TASK PROMPT — Transcribe all the data below exactly, leaving its pictures out.

INFORMATION PROVIDED —

□ □ □ □ □

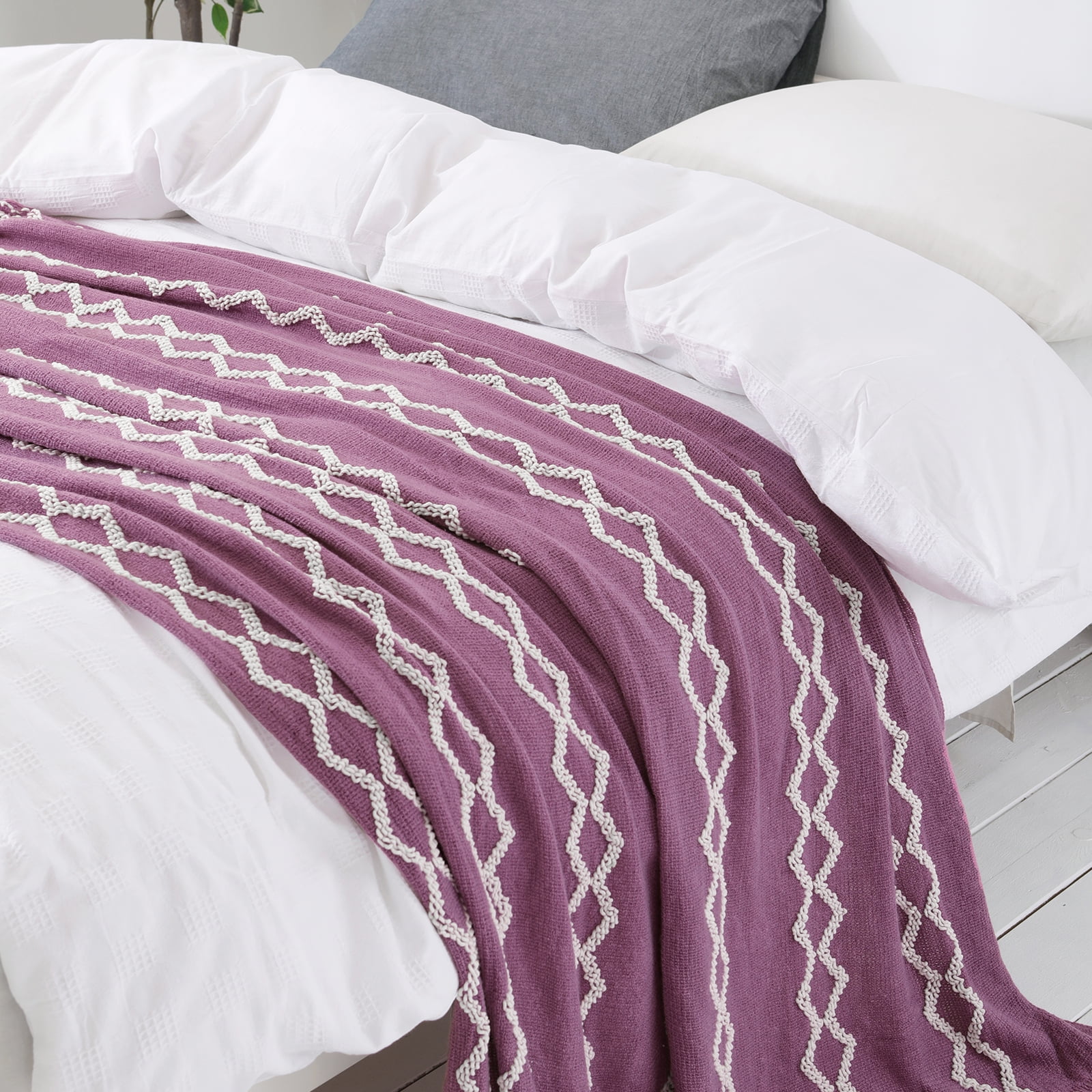 Bourina Fluffy Chenille Knitted Fringe Throw Blanket, Lightweight Soft Cozy Bed Sofa Chair Blanket, Deep Purple, 50" x 60"For Adults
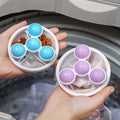 CJ washing machine lint catcher filter pouch with laundry ball for hair removal and clothes cleaning, floats in the wash cycle.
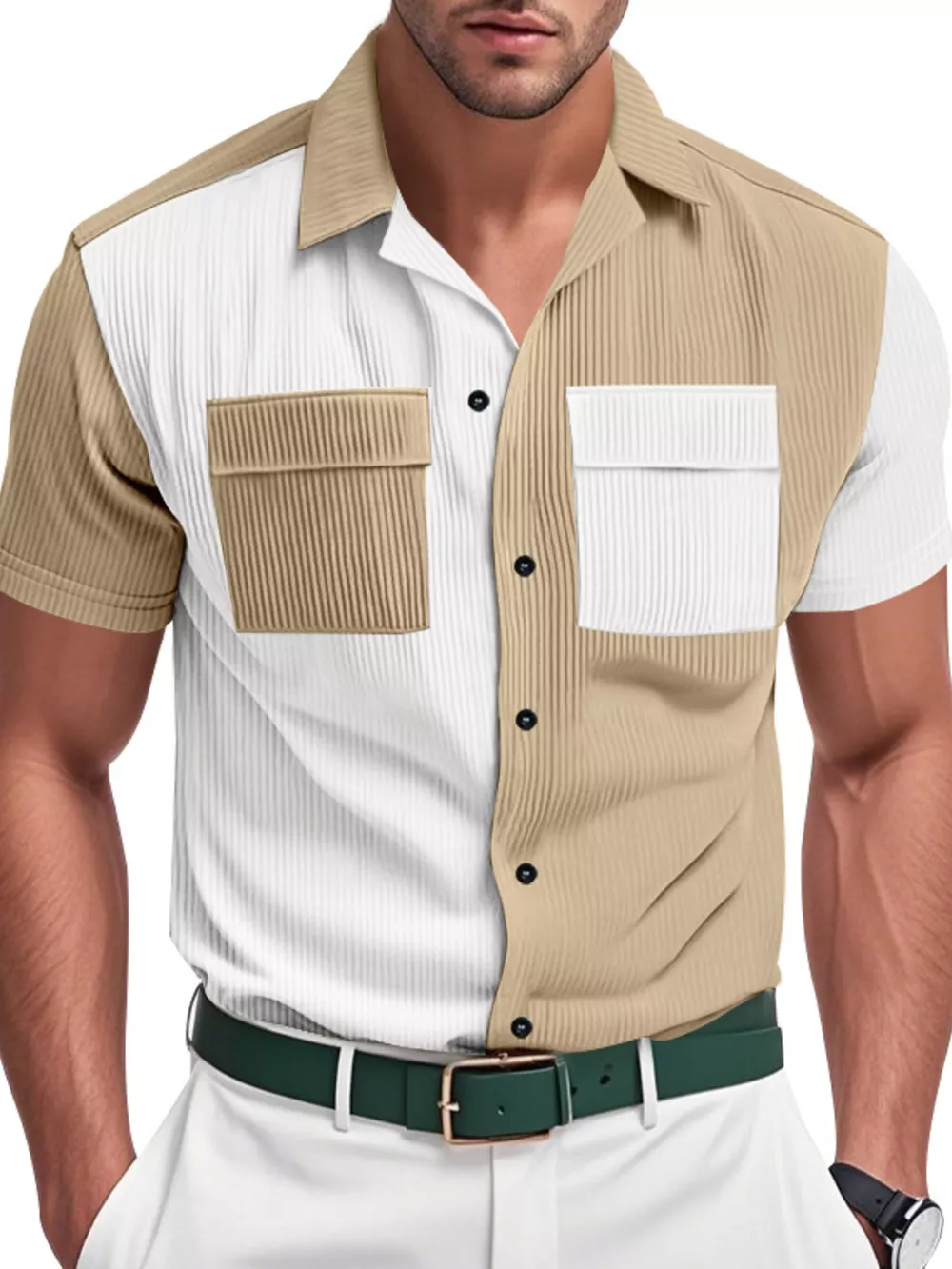 Men's Full Size Two-Tone Textured Short Sleeve Shirt Plus Size, image 13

□ □ □ □ □

RESULT —
 Bourina Fluffy Chenille Knitted Fringe Throw Blanket, Lightweight Soft Cozy Bed Sofa Chair Blanket, Deep Purple, 50" x 60"For Adults
 CJ washing machine lint catcher filter pouch with laundry ball for hair removal and clothes cleaning, floats in the wash cycle.
 Men's Full Size Two-Tone Textured Short Sleeve Shirt Plus Size, image 13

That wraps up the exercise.